Her post-primary education was at the Convent of Mercy in Macroom, but she also attended the De La Salle, a secondary school for boys, for the higher level mathematics classes required for the Irish Leaving Certificate examination. She entered University College, Cork in 1949 and was awarded a college scholarship in 1950, based on the results of her first year examinations. She graduated in 1952 with a first class honours B.Sc. in Mathematics and Mathematical Physics. She went on to complete her M.Sc. in Mathematics and Mathematics Statistics, awarded in 1954.

== Career ==
Siobhán Vernon worked as a demonstrator in the Department of Mathematics at University College, Cork while she completed her M.Sc. and was then appointed Senior Demonstrator.
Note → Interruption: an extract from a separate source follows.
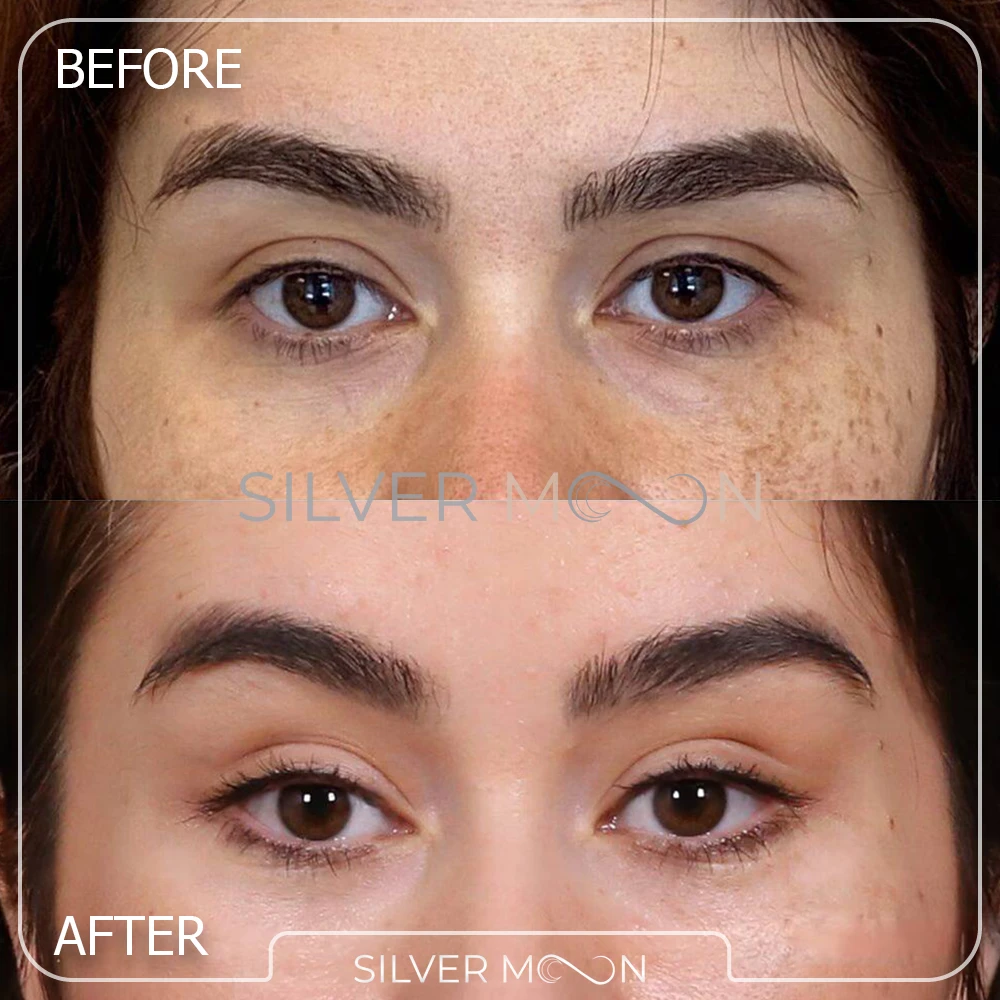 نمونه کار جراحی چشم گربه ای کانتوپلاستی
Encouraged by Dr Patrick Brendan Kennedy, Siobhán began to publish research in 1956 and was appointed to the full-time post of Assistant in 1957. Continuing her research career, she spent a year as a visiting lecturer in Royal Holloway College, University of London, in 1962-63.

Returning to University College, Cork, she submitted her published papers for the award of PhD, which was awarded in 1964 by the National University of Ireland. She was appointed lecturer in 1965.

Following her marriage to geologist Peter Vernon, Siobhán reduced her teaching to half-time, as they raised their four children. She later returned to full time teaching, retiring in 1988.

== Awards ==
In 1995 she was honoured with a Catherine McAuley award as a distinguished past pupil by the Convent of Mercy in Macroom.

== Later life and death ==
Her final publication came after her retirement, when she contributed a chapter on Paddy Kennedy in Creators of Mathematics: The Irish Connection. She died on 18 September 2002.